Je höher, desto schlichter
Bertagnolli betont die Unterschiede der Höhenlagen unserer Almgebäude. Beginnend von oben: Ein so genannter Hochleger, oberhalb der Baumgrenze, sah vor der Industrialisierung oft nur wie ein „bekriechbarer und bedachter Unterstand“ aus. Material hinauf zu transportieren gestaltete sich äußerst schwierig. Holz musste mühsam von Tragtieren geschleppt werden. Hochleger seien daher oft nicht mehr als ein Verschlag aus wenigen Brettern und mehr Steinen gewesen. Viele von ihnen in den hochalpinen Geländen sind mittlerweile nur mehr als Ruinen vorhanden, wenn überhaupt.
„Einer Hirtenhütte gleich diente der Hochleger lediglich der kurzfristigen Übernachtung. Hochleger waren im hochalpinen Gelände und zur Beweidung nur ein paar wenige Wochen im Hochsommer vorgesehen. Bei Wettereinbrüchen führte man die Tiere auf Mittel- und Niederleger zurück.“ Dort waren die Almhütten vergleichsweise besser ausgestattet, jedoch bis zur Mitte des letzten Jahrhunderts auch noch allesamt sehr einfach, wie Kustos Bertagnolli erklärt.
Mittelleger waren schmucklose, niedrige Almhütten mit Ofen, an dem man sich nachts wärmen konnte. Küche gab es allerdings vielerorts keine. Mittelleger wurden im Sommer genutzt. Bei Wettereinbrüchen zogen sich Hirten, Hirtinnen und Vieh stets auf Niederleger zurück. Auch die gemolkene Milch wurde mit Milchziehern, Holzschlitten, oder Milchzummeln, am Rücken befestigte Holzfässer, zum Niederleger transportiert.
Niederleger mit hofähnlicher Architektur
„Niederleger waren fast schon wie ein kleines Wohnhaus, wie ein kleiner ,Abklatsch‘ vom Hof“, erzählt der Kramsacher Kustos. Niederleger wurden je nach Höhenlage schon im Mai oder Juni bezogen. Diese Hütten waren vor der Industrialisierung vor allem durch gesäumte Wege erreichbar. Tragtiere wie Pferde, Esel und Mulis konnten einiges an Material hinauf transportieren. Daher waren Niederleger im Vergleich zu den höher gelegenen Mittel- und Hochlegern relativ gut ausgebaut, mancherorts mit Mauerwerken und oder kleinen Fenstern mit Eisengitterstäben oder hölzernen Fensterläden. Der Blick hinaus in die umliegende Bergwelt war jedoch stets ein kleiner.

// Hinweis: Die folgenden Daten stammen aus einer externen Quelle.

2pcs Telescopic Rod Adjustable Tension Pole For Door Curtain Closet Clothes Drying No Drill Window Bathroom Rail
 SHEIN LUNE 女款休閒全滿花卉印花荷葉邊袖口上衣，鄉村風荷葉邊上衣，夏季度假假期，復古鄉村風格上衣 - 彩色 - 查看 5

„Fenster waren etwas Besonderes und sind erst im 19. Jhd. mehr und mehr dazu gekommen“, sagt Bertagnolli. Als einfachste Form von Fenstern galten anno dazumal kleine Öffnungen, „nicht einmal so groß wie ein DinA4-Blatt. Diese waren so klein, um der hereinziehenden Kälte keine Chance zu geben.“ In der Nacht seien diese mit Heu und Streu oder Leder verschlossen worden.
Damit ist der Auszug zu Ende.